Letter: Bigotry is alive and well in the Oval Office
To the Editor:
In “Architect and Activist,” his letter to the editor on April 5, Ed Chrostowski lets drop that he once met architect Philip Johnson, chatting with him over tea at Johnson’s renowned Glass House in New Canaan. However, this brief encounter does not give him bragging rights of being an expert on Johnson. In fact, the first paragraph of his letter contains three glaring errors that, as an educator at the property, I am concerned could keep some people away. First, the property is 49 acres, not 77 as he claims. Furthermore, it is open to individuals on an easily negotiated website, not just to groups or by appointment, as Chrostowski states. These errors make Johnson’s legacy seem snooty and inaccessible, but in fact, the last I heard, 13,000 visitors, from almost every state, and many countries, tour the property annually and come away feeling privileged for having done so.

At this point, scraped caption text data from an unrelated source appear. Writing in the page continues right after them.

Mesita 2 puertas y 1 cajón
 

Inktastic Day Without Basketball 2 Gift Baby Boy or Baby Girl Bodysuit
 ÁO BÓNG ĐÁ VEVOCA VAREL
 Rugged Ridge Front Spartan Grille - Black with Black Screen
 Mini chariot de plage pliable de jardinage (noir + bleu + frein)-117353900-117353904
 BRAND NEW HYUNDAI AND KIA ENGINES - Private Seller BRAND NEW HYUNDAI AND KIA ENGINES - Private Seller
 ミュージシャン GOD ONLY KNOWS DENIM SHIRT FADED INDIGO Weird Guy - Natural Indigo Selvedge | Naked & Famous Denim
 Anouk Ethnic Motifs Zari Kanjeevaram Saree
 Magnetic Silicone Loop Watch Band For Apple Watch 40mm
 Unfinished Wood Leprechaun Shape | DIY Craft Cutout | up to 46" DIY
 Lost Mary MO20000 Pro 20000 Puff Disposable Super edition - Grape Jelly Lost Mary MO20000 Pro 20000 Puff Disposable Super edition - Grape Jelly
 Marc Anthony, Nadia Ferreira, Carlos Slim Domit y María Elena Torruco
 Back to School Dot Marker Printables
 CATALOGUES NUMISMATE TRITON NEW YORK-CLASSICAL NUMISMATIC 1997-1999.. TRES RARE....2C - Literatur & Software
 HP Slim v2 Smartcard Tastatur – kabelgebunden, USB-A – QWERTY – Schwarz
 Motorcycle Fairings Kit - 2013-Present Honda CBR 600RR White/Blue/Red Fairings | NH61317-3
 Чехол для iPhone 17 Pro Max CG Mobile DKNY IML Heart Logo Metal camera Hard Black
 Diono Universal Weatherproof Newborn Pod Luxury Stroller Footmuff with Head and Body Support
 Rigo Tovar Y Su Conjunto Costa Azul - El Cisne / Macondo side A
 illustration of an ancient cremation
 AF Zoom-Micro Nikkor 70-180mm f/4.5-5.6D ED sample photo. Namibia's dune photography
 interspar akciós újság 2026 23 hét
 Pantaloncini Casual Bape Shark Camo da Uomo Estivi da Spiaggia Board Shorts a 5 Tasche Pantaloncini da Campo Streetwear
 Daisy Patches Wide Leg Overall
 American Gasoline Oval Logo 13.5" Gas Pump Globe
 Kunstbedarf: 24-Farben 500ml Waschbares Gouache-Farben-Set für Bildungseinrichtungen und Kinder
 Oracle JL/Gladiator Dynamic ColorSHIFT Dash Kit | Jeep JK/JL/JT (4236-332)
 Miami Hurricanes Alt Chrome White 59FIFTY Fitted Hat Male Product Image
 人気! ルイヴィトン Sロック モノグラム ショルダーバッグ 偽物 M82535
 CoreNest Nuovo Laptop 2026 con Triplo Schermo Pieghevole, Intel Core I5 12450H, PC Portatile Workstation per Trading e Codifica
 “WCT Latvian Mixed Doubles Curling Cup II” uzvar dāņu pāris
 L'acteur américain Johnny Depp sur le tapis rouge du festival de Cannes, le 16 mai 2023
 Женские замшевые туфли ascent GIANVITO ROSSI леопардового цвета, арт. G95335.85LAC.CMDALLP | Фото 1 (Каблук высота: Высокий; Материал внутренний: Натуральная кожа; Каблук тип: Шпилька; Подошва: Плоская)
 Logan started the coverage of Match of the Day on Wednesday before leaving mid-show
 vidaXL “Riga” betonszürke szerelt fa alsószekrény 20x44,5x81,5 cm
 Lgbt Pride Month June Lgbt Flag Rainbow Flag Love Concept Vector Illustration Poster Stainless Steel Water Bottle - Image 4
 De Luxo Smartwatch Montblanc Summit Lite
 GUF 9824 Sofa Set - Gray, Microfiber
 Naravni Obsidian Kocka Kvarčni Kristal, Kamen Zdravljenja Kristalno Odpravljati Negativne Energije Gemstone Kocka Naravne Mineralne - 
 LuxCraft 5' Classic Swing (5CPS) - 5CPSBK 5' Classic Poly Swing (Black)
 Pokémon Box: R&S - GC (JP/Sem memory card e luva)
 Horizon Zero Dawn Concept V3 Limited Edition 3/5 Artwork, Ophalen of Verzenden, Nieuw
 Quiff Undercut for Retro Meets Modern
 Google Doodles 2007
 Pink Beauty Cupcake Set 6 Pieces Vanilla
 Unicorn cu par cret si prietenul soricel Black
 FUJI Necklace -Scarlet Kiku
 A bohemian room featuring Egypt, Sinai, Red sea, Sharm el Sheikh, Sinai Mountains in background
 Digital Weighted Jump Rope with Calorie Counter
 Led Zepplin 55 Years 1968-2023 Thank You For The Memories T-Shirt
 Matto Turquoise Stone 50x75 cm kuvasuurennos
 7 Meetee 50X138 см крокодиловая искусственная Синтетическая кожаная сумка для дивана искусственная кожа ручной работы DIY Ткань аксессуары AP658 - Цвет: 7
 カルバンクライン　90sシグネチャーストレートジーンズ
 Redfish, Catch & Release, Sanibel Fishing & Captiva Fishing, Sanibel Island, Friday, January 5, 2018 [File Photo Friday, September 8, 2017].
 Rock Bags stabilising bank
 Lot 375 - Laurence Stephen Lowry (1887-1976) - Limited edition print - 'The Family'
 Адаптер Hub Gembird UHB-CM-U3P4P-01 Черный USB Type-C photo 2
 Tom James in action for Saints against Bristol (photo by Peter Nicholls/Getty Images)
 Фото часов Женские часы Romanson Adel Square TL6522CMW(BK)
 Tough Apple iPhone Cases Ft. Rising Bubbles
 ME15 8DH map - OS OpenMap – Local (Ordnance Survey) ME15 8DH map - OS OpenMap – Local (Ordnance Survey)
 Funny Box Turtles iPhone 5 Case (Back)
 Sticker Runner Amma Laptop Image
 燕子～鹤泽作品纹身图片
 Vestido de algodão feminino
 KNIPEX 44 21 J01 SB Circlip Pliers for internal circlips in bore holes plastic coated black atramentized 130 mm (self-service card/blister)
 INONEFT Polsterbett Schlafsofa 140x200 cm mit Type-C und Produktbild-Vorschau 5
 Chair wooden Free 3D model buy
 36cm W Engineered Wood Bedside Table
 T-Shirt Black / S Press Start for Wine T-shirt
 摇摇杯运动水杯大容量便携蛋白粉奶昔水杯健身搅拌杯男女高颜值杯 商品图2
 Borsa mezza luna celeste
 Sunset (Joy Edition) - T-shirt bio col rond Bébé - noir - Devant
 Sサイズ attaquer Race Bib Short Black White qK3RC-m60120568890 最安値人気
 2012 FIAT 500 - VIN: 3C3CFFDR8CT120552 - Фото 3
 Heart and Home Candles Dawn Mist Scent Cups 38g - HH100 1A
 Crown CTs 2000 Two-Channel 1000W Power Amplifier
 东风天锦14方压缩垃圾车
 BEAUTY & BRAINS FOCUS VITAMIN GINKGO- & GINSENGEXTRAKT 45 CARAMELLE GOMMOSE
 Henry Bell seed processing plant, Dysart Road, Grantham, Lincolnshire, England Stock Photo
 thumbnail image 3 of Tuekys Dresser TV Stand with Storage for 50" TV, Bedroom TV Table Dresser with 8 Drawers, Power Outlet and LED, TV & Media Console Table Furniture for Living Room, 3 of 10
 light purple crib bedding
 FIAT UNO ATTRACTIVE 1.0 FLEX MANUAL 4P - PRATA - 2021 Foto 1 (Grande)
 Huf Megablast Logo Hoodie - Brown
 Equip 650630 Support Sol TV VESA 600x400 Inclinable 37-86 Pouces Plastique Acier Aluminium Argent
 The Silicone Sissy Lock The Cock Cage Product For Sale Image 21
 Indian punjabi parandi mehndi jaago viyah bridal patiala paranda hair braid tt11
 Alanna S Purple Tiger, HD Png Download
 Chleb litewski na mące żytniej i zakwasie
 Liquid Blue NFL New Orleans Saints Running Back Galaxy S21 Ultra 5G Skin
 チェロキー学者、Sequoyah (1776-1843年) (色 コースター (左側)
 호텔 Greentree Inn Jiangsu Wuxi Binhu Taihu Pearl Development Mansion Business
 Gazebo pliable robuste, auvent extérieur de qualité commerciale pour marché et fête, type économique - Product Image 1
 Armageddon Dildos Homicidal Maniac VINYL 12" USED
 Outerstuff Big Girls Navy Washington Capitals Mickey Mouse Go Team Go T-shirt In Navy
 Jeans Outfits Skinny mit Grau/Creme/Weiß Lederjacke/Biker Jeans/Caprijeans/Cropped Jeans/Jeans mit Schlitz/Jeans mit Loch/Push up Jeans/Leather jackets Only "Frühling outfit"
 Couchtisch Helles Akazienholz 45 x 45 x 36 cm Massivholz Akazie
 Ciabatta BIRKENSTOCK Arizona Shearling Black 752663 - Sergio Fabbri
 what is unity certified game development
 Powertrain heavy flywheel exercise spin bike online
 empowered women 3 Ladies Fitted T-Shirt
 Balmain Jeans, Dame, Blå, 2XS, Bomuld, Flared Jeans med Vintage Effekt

Attendance at the Glass House will be just fine again this year, despite Mr. Chrostowski’s disparagement of Johnson and an extreme cherry-picking of his biography. A bigger issue to me is why he, who, speaking for the GOP in an earlier op ed piece and in this recent letter, has made such a festuche over Johnson’s fascist misadventure 80 years ago, when the news supplies daily evidence that Donald Trump, the leader of his party, is a raging bigot. Perhaps the idea is that descrying his former host for long-ago bigotry exonerates him and his party for the same offense in the present day. But Trump’s bigotry far exceeds that of Johnson, as does its impact on American society, and the failure of members of the GOP to address it is degrading the character of the entire party.